> **What is being asked**
The line containing "Photo of Bathroom in Prince–Marmottan" and every line after it to the end of the records: set those down exactly, without any pictures.

> **Dataset excerpts**
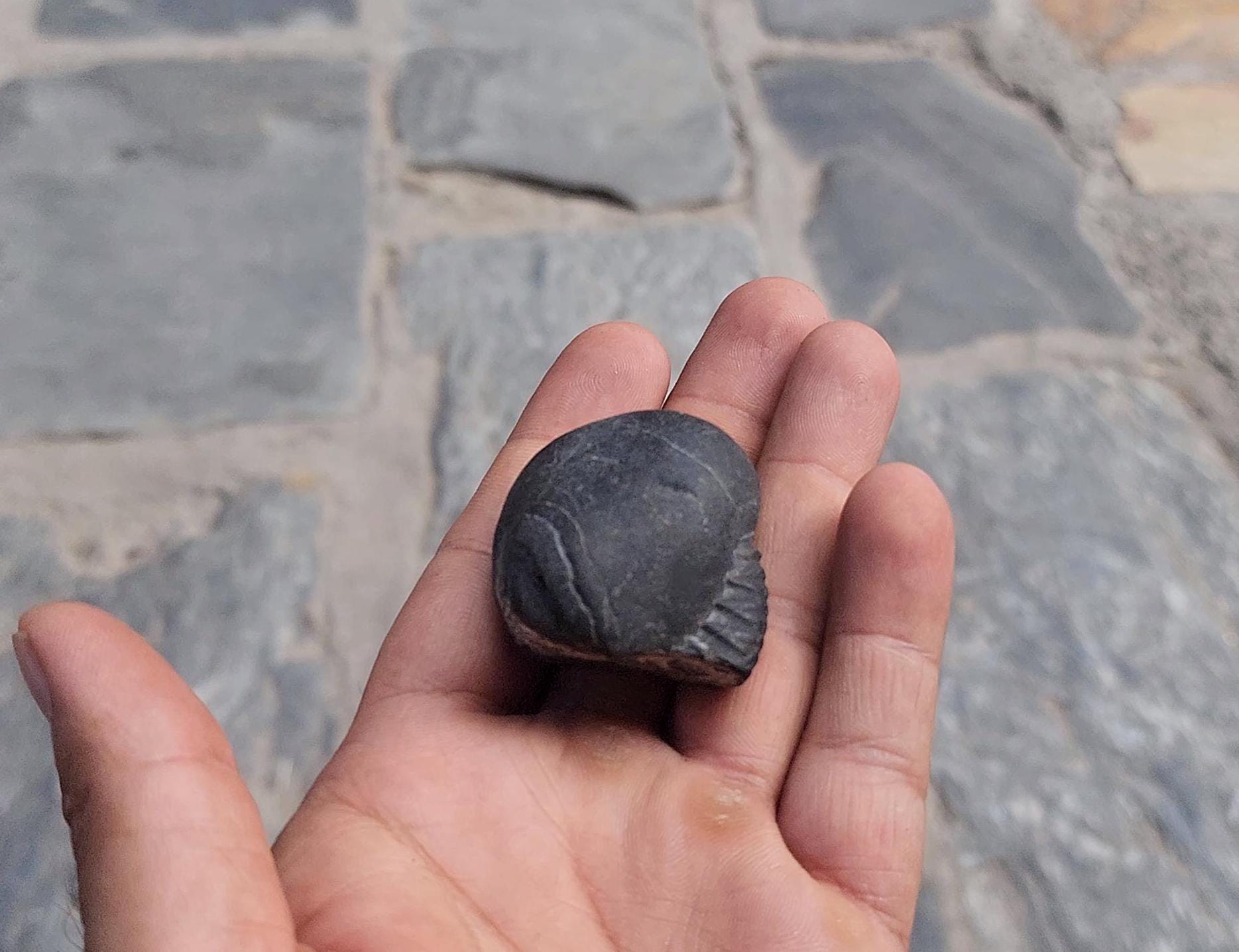 Pisces Lucky Stone – Rare Fish-Shaped Sacred Shaligrama For Intuition And Spiritual Flow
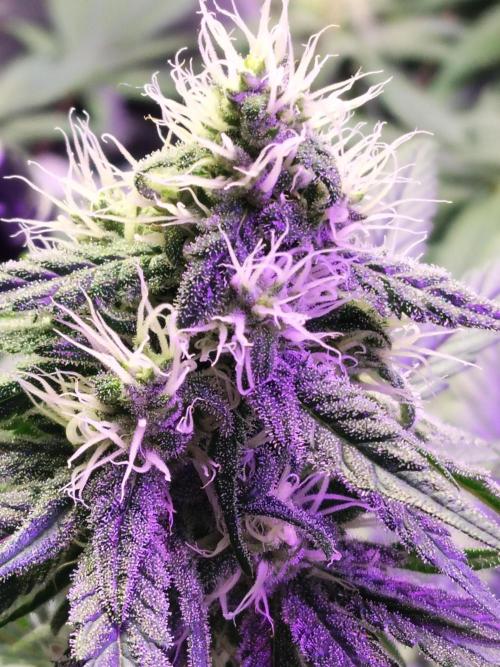 I'm back with 4 x Northern Lights!. Week 6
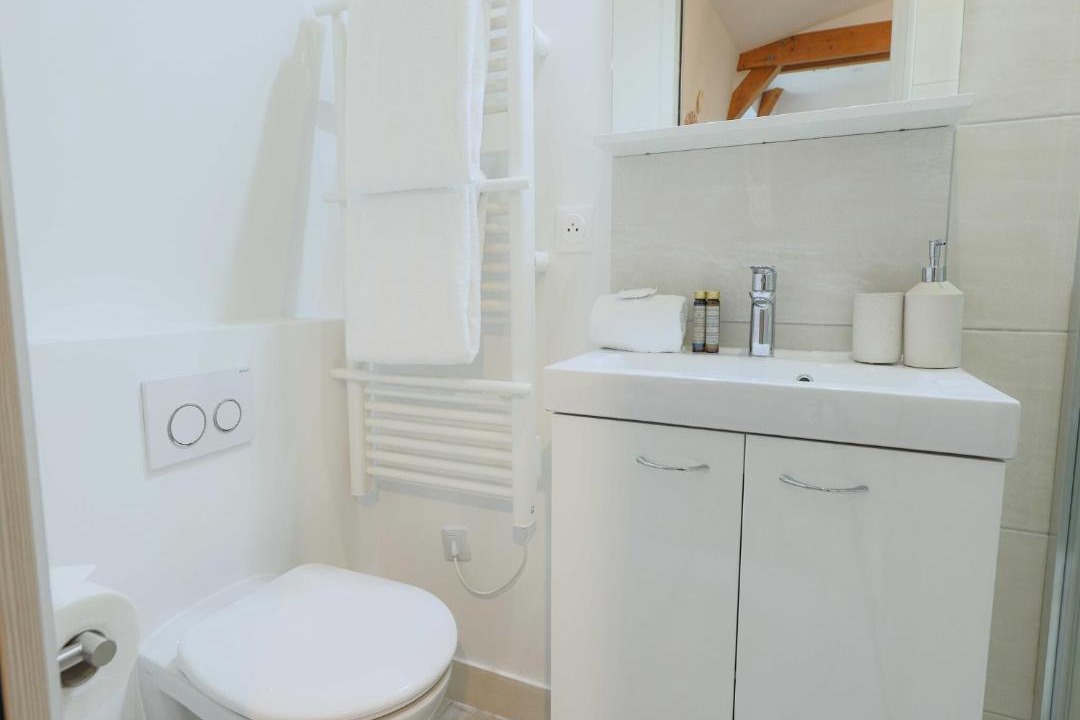 Photo of Bathroom in Prince–Marmottan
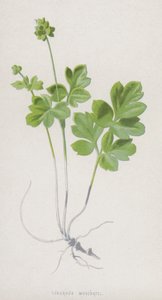 Knolsteenbreek door Frederick Edward Hulme
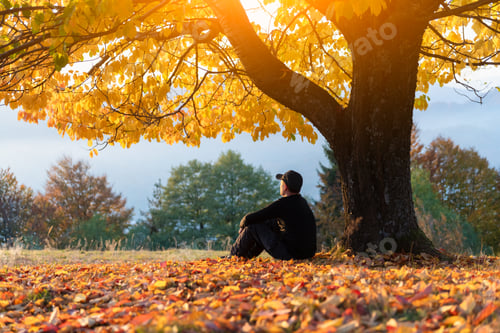 Preview: Solitary man rests near orange cherry tree in glowing fall meadow at twilight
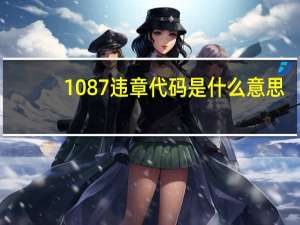 1087违章代码是什么意思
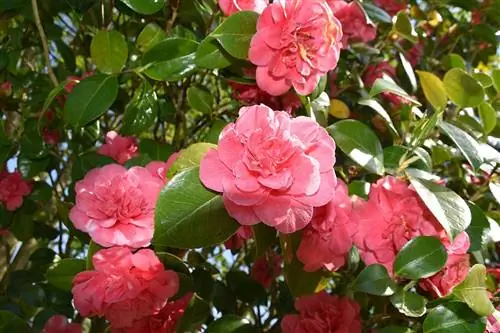 Как ухаживать за черенком камелии в воде?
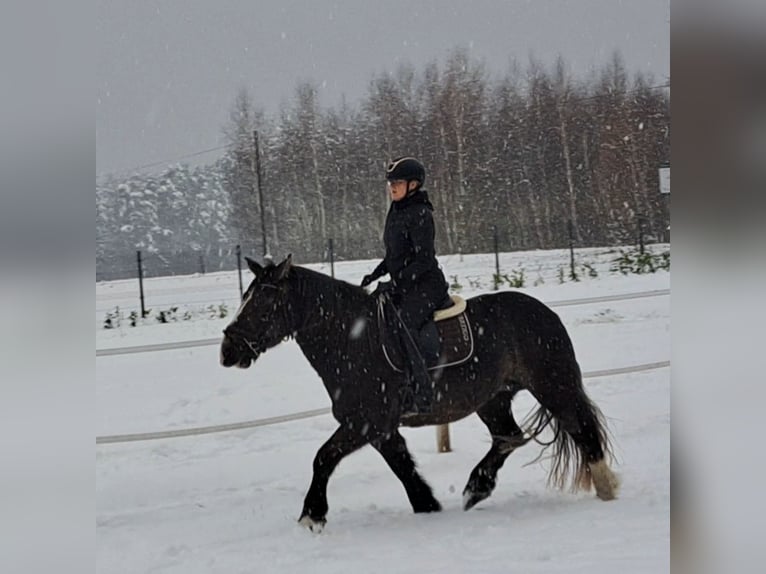 Polish Coldblood Mare 11 years 15,1 hh Chestnut in Forst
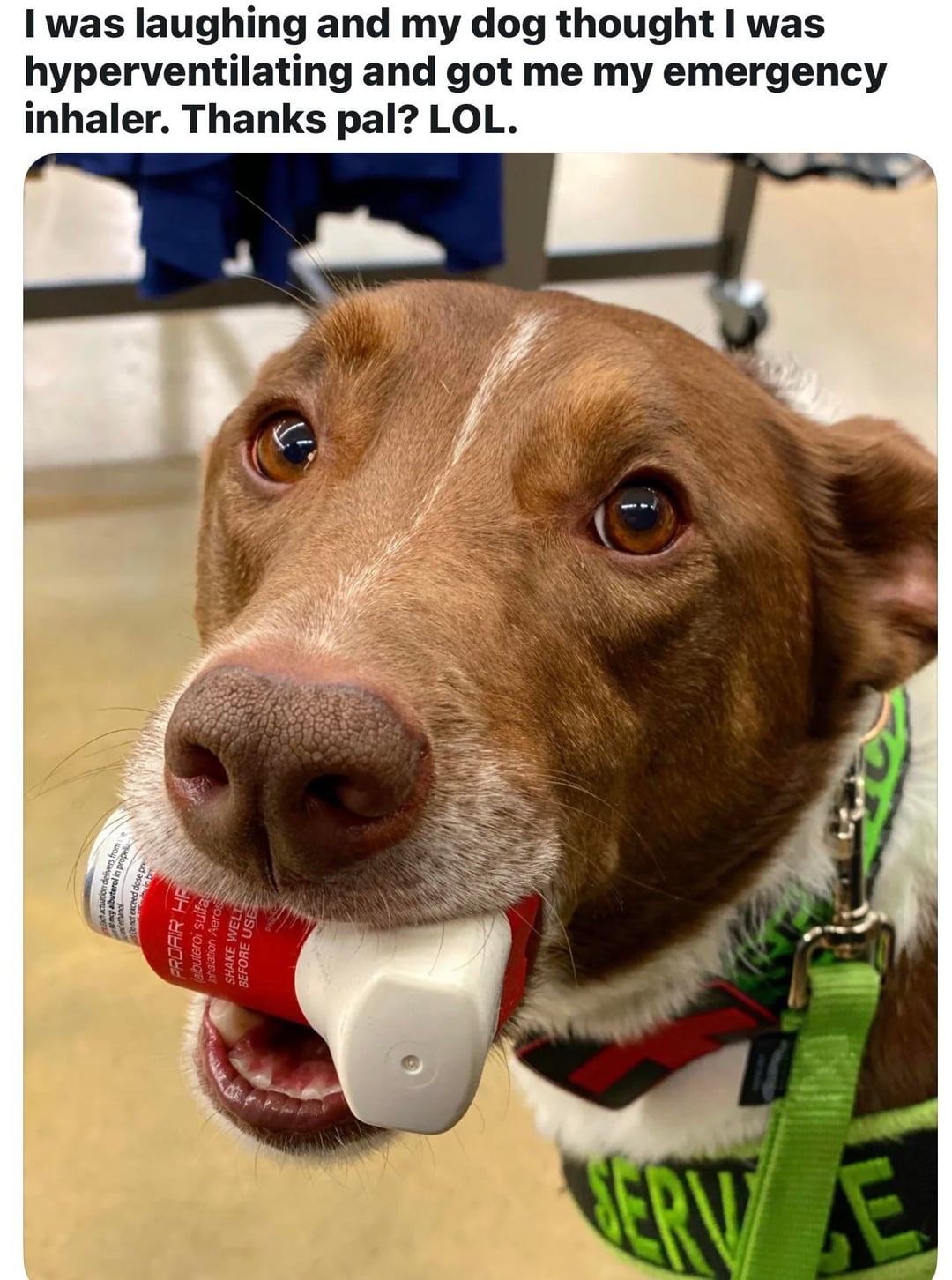 PROAIR HE (albuteroi sulfa nhalation Aeros SHAKE WEL BEFORE USE I was laughing and my dog thought I was hyperventilating and got me my emergency inhaler. Thanks pal? LOL. ERV E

> **Your solution**
 Photo of Bathroom in Prince–Marmottan
 Knolsteenbreek door Frederick Edward Hulme
 Preview: Solitary man rests near orange cherry tree in glowing fall meadow at twilight
 1087违章代码是什么意思
 Как ухаживать за черенком камелии в воде?
 Polish Coldblood Mare 11 years 15,1 hh Chestnut in Forst
 PROAIR HE (albuteroi sulfa nhalation Aeros SHAKE WEL BEFORE USE I was laughing and my dog thought I was hyperventilating and got me my emergency inhaler. Thanks pal? LOL. ERV E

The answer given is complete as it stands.